[Start of Attachment]

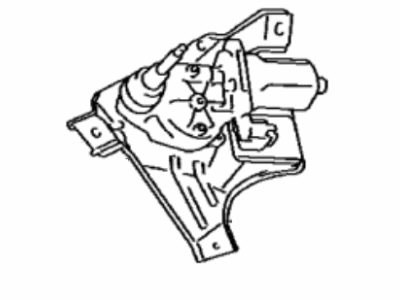 Toyota 85130-0D180 Motor Assembly, Rear Wiper Toyota 85130-0D180 Motor Assembly, Rear Wiper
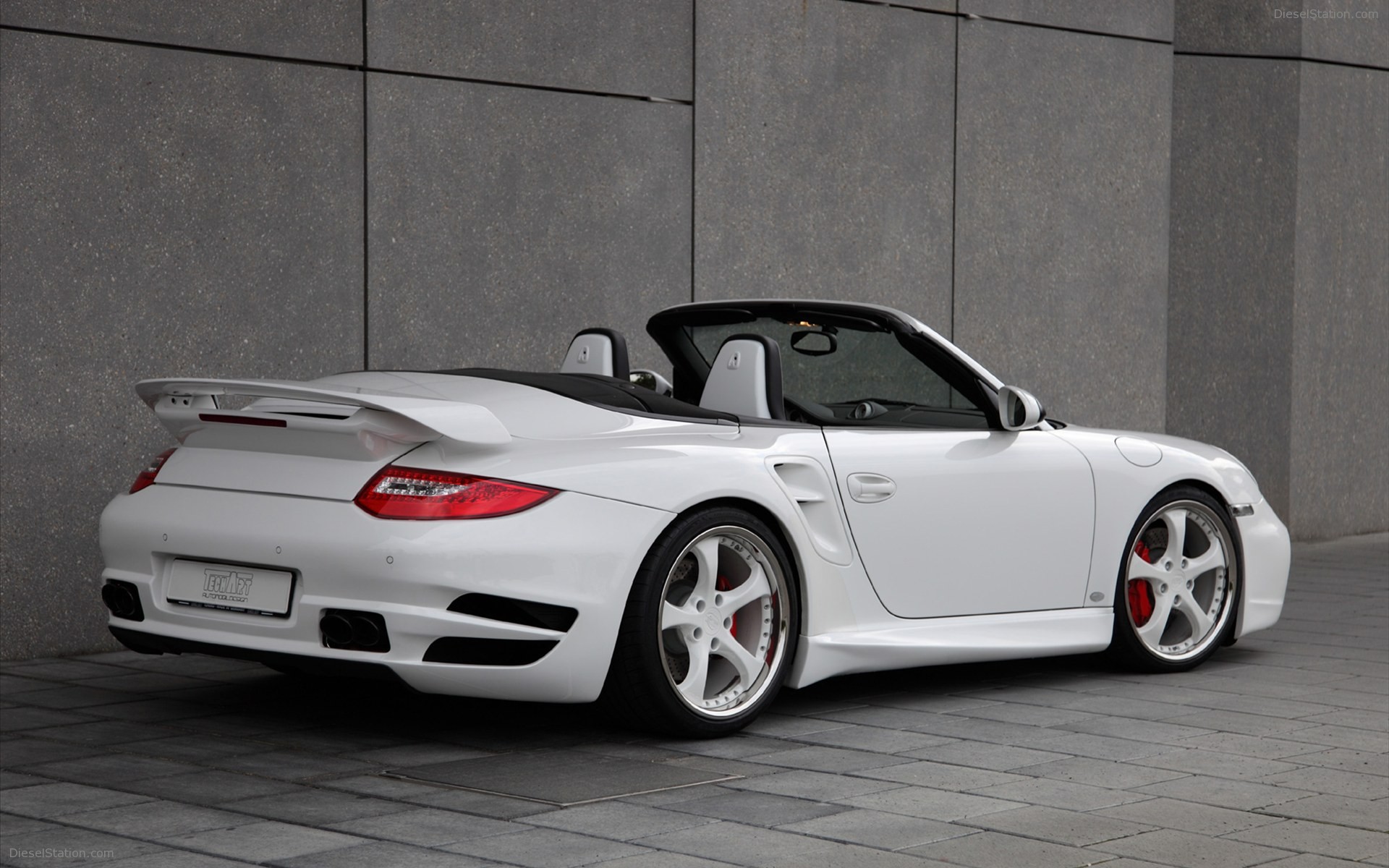 TechArt Porsche 911 Turbo Aerokit II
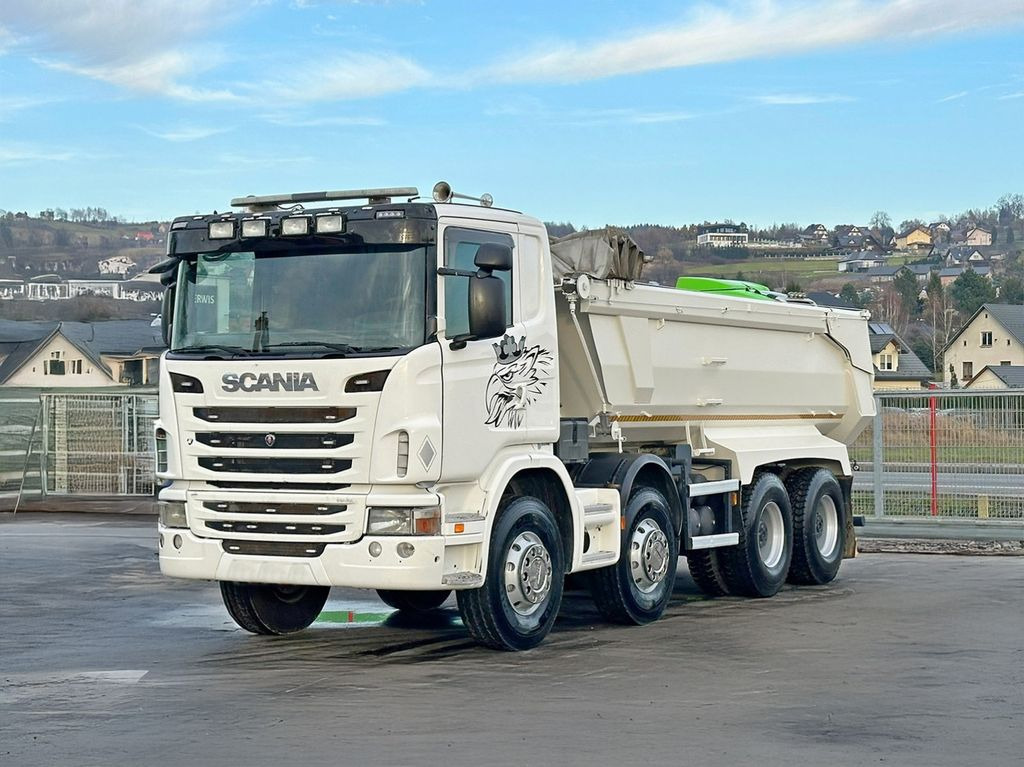 Scania G 480 * Kipper * TOPZUSTAND / 8x4 - Camião basculante: foto 2 Scania G 480 * Kipper * TOPZUSTAND / 8x4 - Camião basculante: foto 2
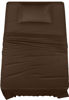 Picture of Utopia Bedding Twin Bed Sheets Set - 3 Piece Bedding - Brushed Microfiber - Shrinkage and Fade Resistant - Easy Care (Twin, Brown)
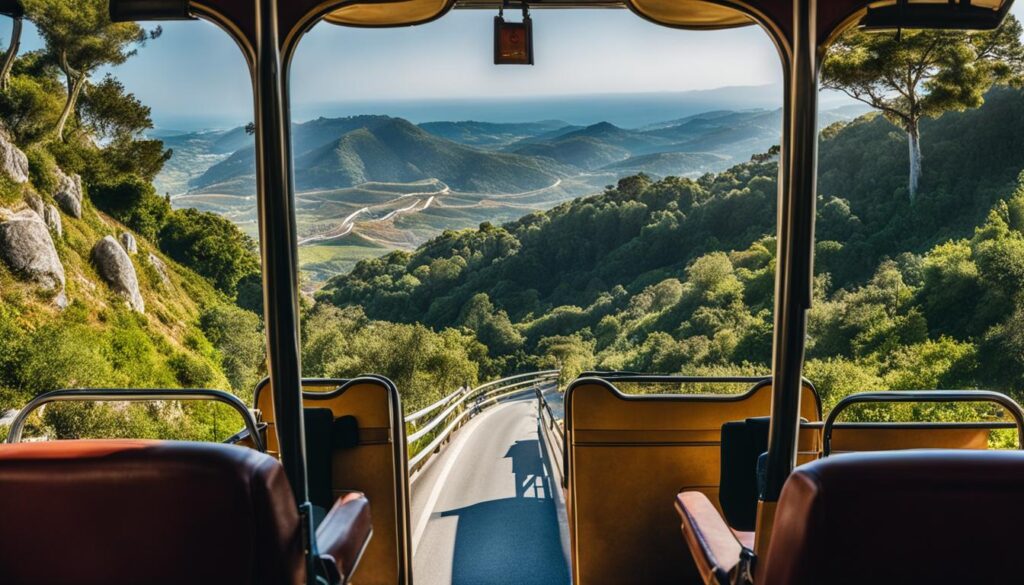 Sintra Travel by Train or Bus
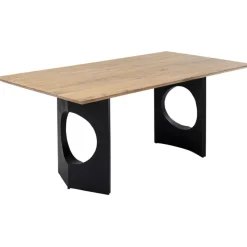 Piètement de table Tavola Oho noir (2/Set)><noscript><img width=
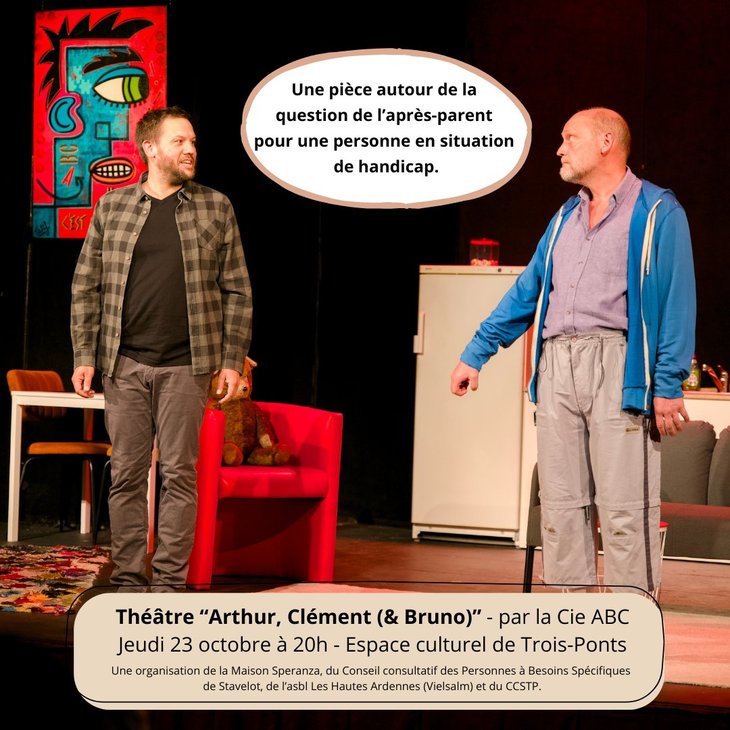Spectacles Théâtre Arthur, Clément Bruno) par Cie Abc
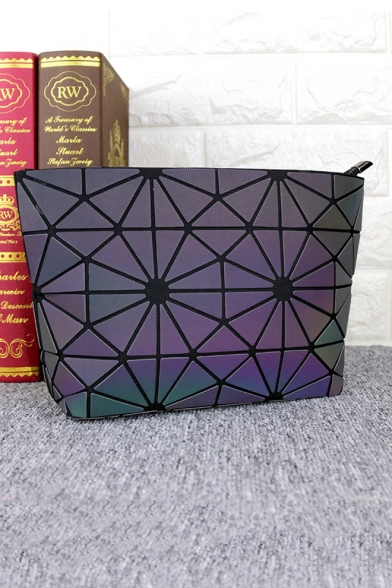 Luminous Geometric Chain Classic Shoulder Bag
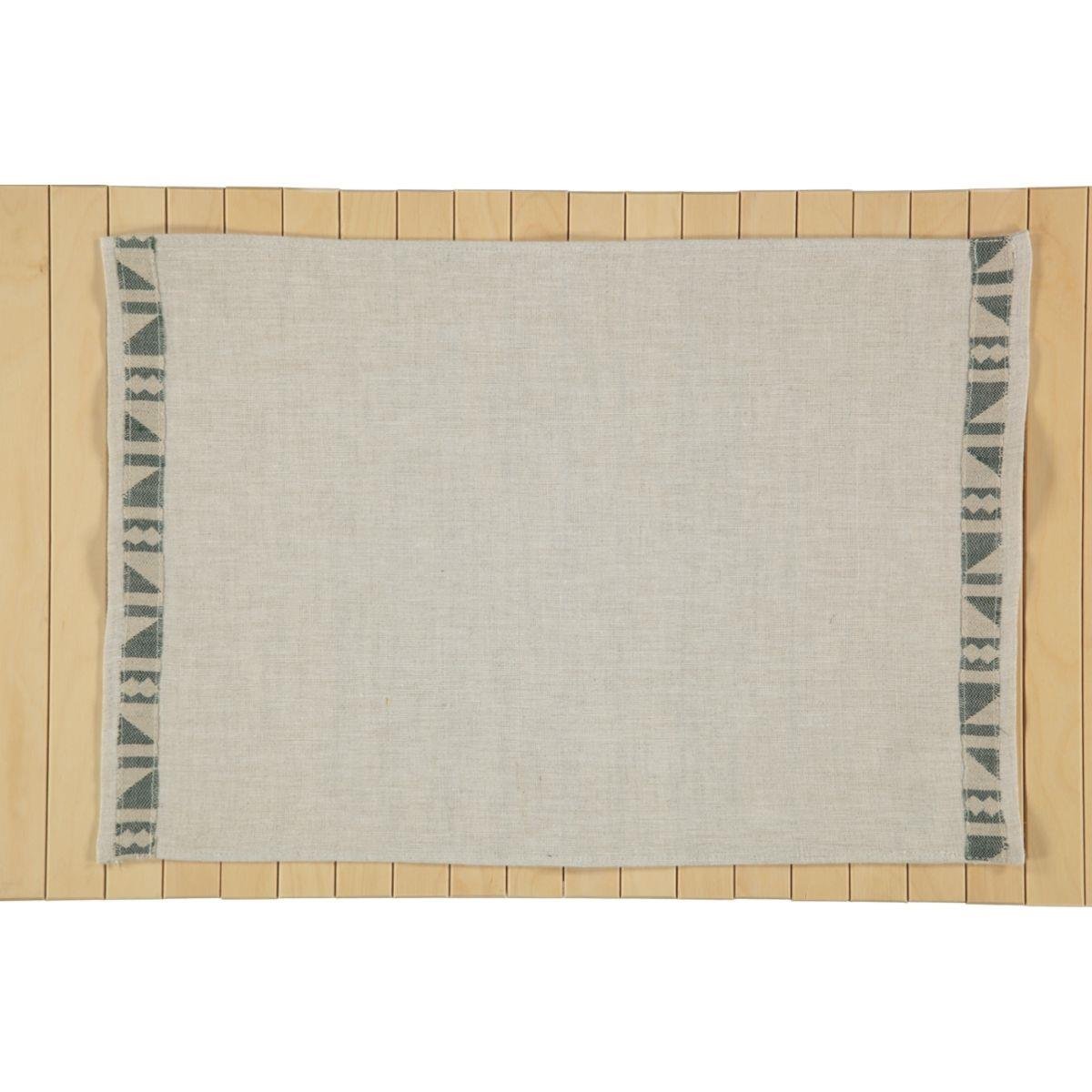 BY142 Table Mat Natural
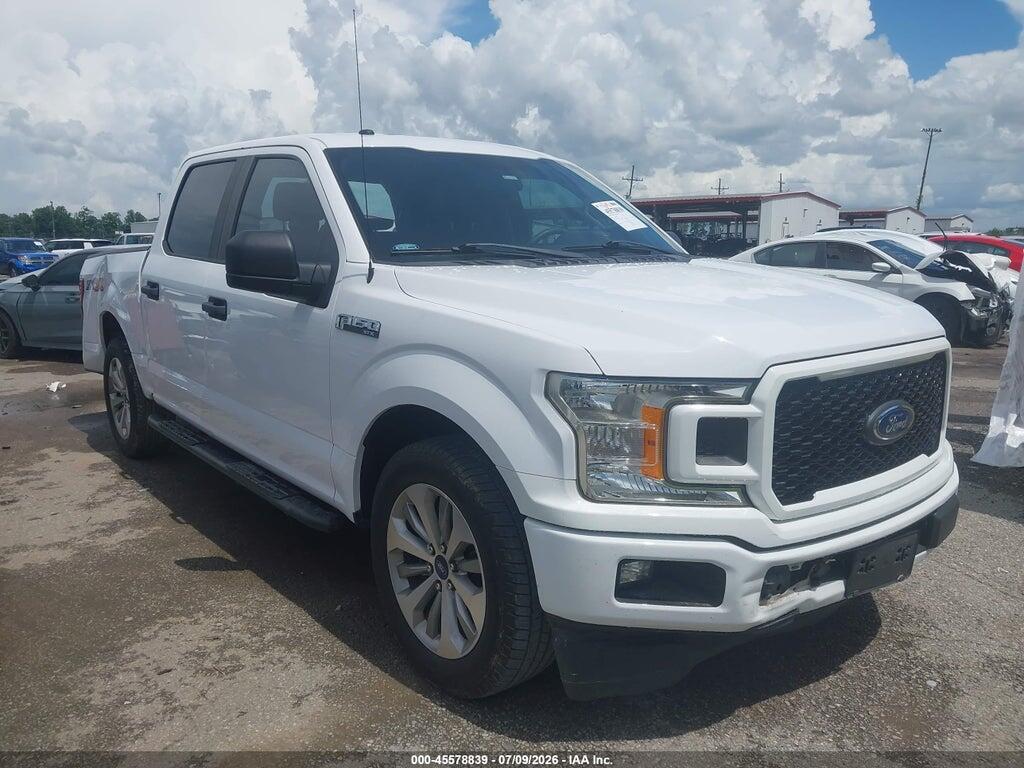 1FTEW1CP0JKF71836 2018 FORD F-150 photo no. 1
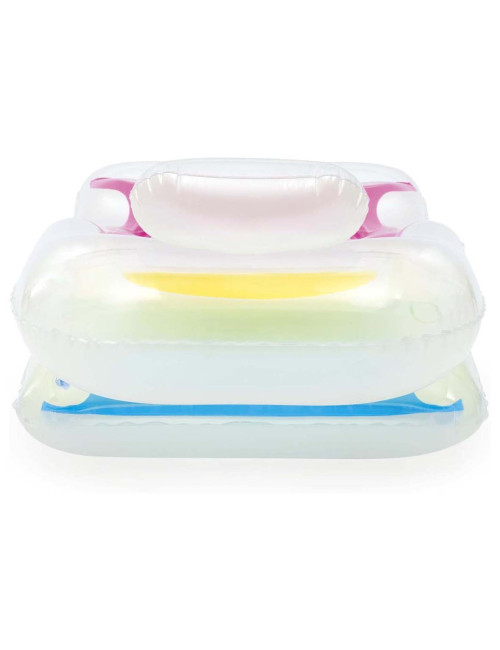 BESTWAY 43011 LOUNGER,INFLATED POOL FLOAT & SWING 84X1.65CM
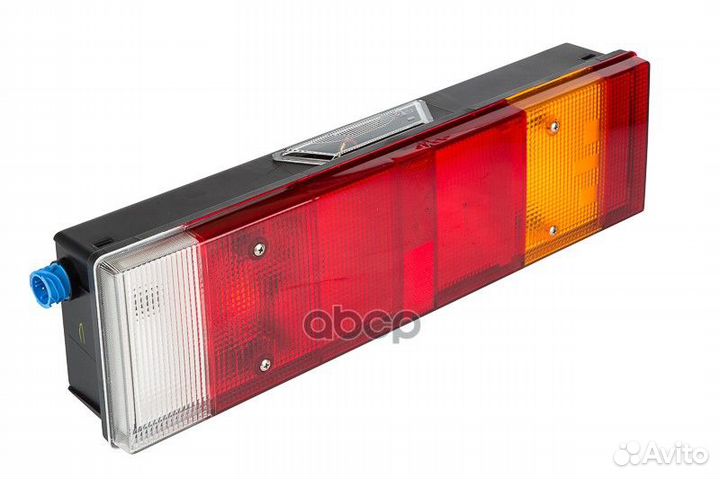 Фонарь задний левый многосекц. прямоуг.фишка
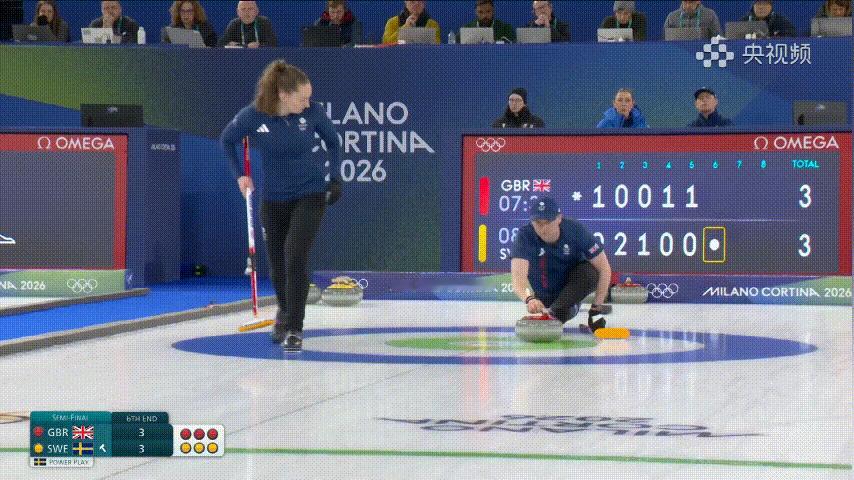 【奥运冰壶】北京时间今天的凌晨，混双冰壶已经打完了半决赛，这两场半决赛前半段有来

[End of Attachment]

The output is the lines from the start of the data above through the line containing "foto 2 Scania", unchanged, with any picture left out.

_Answer area_
 Toyota 85130-0D180 Motor Assembly, Rear Wiper Toyota 85130-0D180 Motor Assembly, Rear Wiper
 TechArt Porsche 911 Turbo Aerokit II
 Scania G 480 * Kipper * TOPZUSTAND / 8x4 - Camião basculante: foto 2 Scania G 480 * Kipper * TOPZUSTAND / 8x4 - Camião basculante: foto 2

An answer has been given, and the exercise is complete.